Welcome back to the final part of this story. We are concentrating on the relegation battle in the First Division in season 1976-77.
We’re into the final week of the season and every game is what Sky would refer to as, huge. Tottenham have already been relegated. Bristol City are hanging on. Above them are five clubs on the same points total.
These were the days of two points for a win, no final day when all clubs kicked off together, and cup replays. This resulted in fixture pile-up for some clubs. Here is the fourth and final part.

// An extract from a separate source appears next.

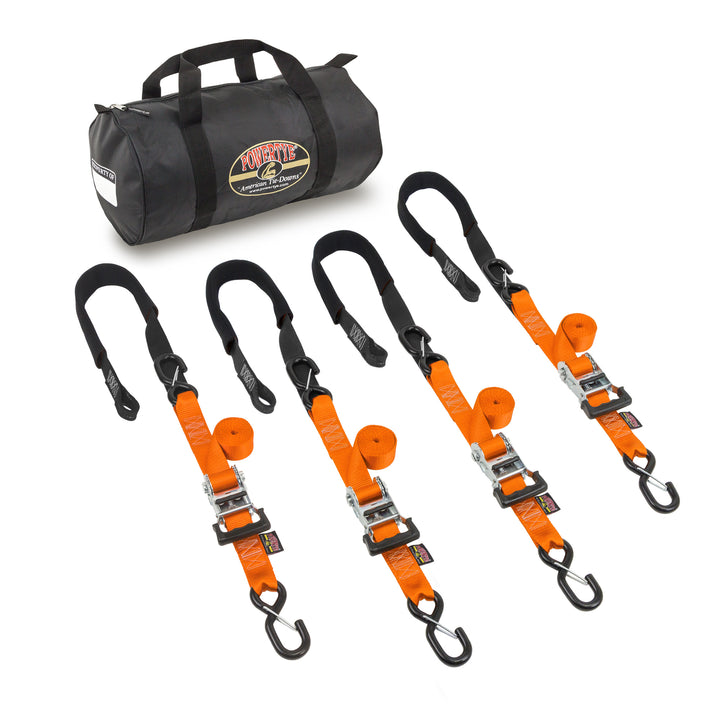 1.5in FAT STRAP *NEOPRENE* TRAILER KIT - PowerTye#color_orange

Here is the table as it stood.
Monday 16th May
|Aston Villa||1||:||0||Stoke City|
|West Ham United||4||:||2||Manchester United|
The biggest crowd of the season at Ashton Gate saw the bottom side take on the top. Liverpool were to take part in two major cup finals in the next nine days. With the title already in the bag it would seem the players were a little reluctant to put in too much work for fear of injury. City will not care one jot. David Johnson put the visitors ahead, but just before the break Chris Garland equalised. With fifteen minutes to go the place erupted, as Garland got his second and their dreams of another First Division season now looked likely. City ended up winning a game which had seemed unlikely. It added to the crazy nature of this season.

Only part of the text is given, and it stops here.